Voice and Vision

One Woman's WORDS AND WORKS •grapple •inspire •liberate

126: Life Savers

When I was a little girl in Baltimore, after church we’d walk to a nearby shop where my parents picked up a Sunday newspaper and my brother and I were each allowed to get a small candy that I loved as much for its colors as taste, known as Life Savers–a little delight we enjoyed on the long drive home.

There are other lifesavers of much greater import. They come in the package called friends. Often as varied and colorful as the candies, these human lifesavers keep us buoyant when we might otherwise drown in life’s current.

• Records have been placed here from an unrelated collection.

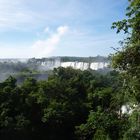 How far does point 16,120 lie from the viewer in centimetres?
2319

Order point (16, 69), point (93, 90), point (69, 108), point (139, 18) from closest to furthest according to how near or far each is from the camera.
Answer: point (139, 18), point (69, 108), point (93, 90), point (16, 69)

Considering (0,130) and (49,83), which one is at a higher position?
(49,83)

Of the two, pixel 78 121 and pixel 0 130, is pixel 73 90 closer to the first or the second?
pixel 78 121

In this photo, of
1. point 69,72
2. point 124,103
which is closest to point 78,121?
point 69,72

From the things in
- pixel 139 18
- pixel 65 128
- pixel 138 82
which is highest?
pixel 139 18

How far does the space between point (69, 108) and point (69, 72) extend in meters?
11.8

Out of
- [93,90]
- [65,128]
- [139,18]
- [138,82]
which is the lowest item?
[65,128]

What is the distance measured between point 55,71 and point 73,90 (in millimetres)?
9536

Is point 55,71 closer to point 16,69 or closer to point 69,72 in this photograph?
point 69,72

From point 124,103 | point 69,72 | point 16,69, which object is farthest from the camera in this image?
point 16,69

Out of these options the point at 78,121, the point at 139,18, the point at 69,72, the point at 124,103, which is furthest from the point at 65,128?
the point at 139,18

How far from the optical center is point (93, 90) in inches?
1157

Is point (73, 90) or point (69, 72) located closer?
point (73, 90)

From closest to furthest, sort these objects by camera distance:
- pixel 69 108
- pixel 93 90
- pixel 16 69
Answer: pixel 69 108
pixel 93 90
pixel 16 69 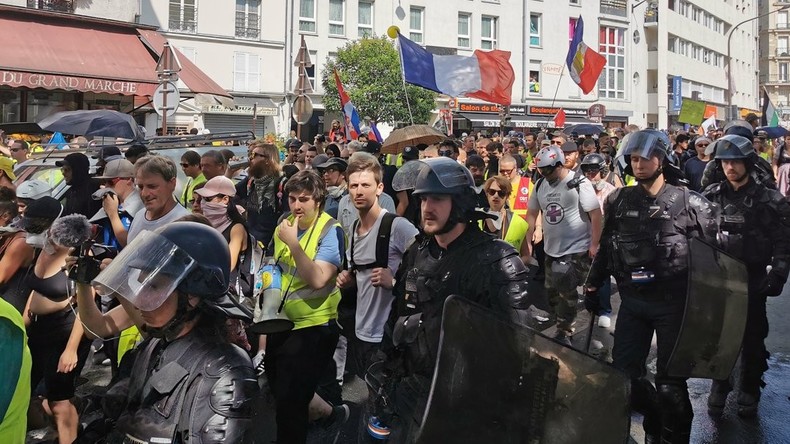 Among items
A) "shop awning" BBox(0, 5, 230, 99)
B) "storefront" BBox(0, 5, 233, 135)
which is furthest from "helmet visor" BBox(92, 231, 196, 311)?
"shop awning" BBox(0, 5, 230, 99)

This past week I had occasion to get phone calls from two dear friends just when I needed them. I didn’t need to flop into despair and share the depression I was feeling. No, with good friends that isn’t necessary. They just know. As if by osmosis. You might live hundreds of miles away, you might not have spoken for many months, nor even caught up in emails lately. It doesn’t matter. A good friend is a good friend and she is always there to lift you up. Not in a phony way. Not with platitudes or an unexpected Teleflora bouquet. Friends just know when they are needed.

My two were very much needed. Concerns about avenues for selling my prolific art were troubling. So were news events, a failed appliance, several annoying physical conditions, etc. My husband was out of town for several days and I was alone with only our “anxious dog” for company.

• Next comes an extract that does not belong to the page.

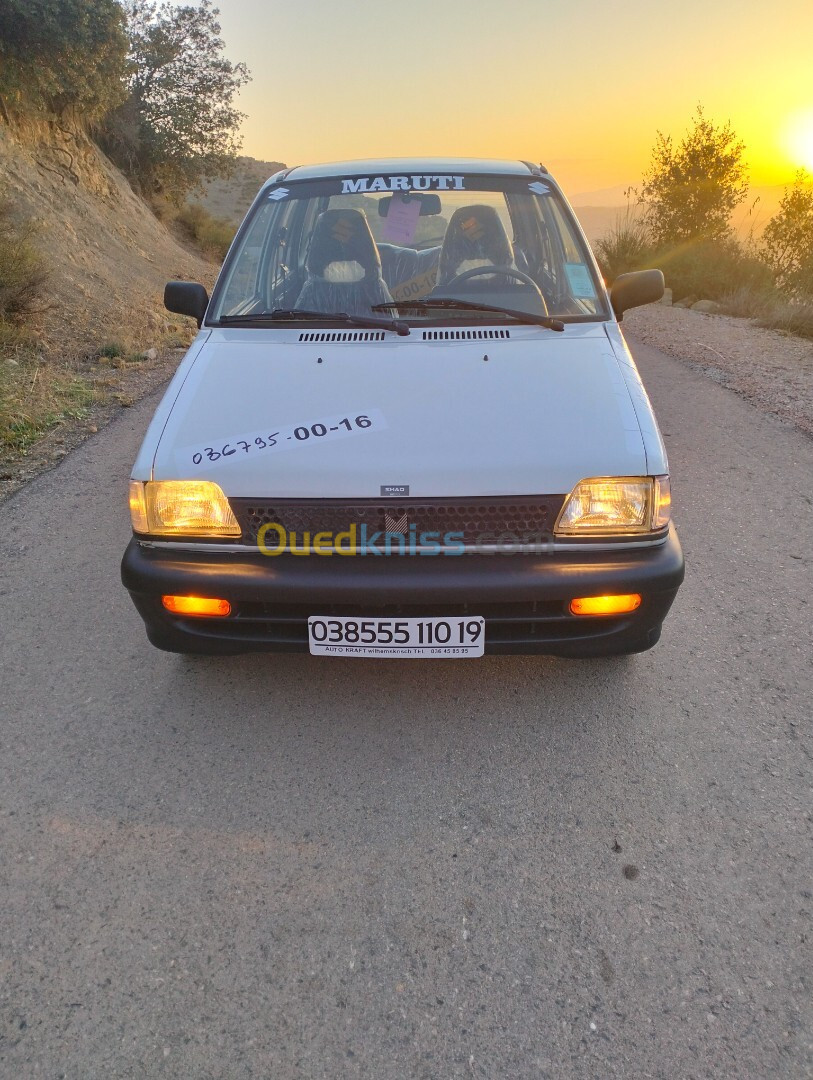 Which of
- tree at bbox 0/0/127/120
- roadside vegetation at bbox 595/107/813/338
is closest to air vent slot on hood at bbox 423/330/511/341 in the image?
roadside vegetation at bbox 595/107/813/338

We’ve not really made friends since moving to Maine. Yes, a few acquaintances, but not real friends in the deep way I am used to having friends. You know, the sort of friends you can say anything to and they to you. The kind who understand your past and can enlighten your future, and you the same for them. The kind who no matter how busy they are with their own lives, they have time for you. Time to listen. Time to truly add their significant two cents or million-dollar wisdom.

These sorts of friends do not pop up overnight. They grow from experiences and values you’ve shared over months, years, or decades. They come from problems either of you have faced and conquered, often hand-in-hand. Often, for me, my friends are rooted in common spiritual beliefs–even if our religious labels happen to be different. There is a ground on which we walk that is solid, steady, safe. We walk it together even when far apart.

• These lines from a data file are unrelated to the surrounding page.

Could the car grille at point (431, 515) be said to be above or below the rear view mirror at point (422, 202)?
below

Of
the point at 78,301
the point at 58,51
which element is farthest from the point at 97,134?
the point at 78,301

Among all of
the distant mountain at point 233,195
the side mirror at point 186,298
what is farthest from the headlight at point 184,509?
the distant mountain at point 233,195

These friendships are blessings. You don’t need dozens of them.  Nor does age matter. Three of my friends are different ages by decades but they all have a depth I love. Two or three friends is plenty if they are grounded, genuine, honest. I am grateful for the few I have.

Artwork: The Contemplator, pastel, 15" x 20" sold.

Artwork: The Contemplator, pastel, 15″ x 20″ sold.

Artwork: The Contemplator, pastel, 15″ x 20″ sold.

We all need time to contemplate where we are, who we are, why we are, and how to solve or settle our problems. When friends call and inspire, our contemplation lifts upward. The model in this pastel, with hair down to her toes, was a luminous professional and a good friend who can be found in many of my paintings.  When going through a hard time, she lived with me and my husband for several months.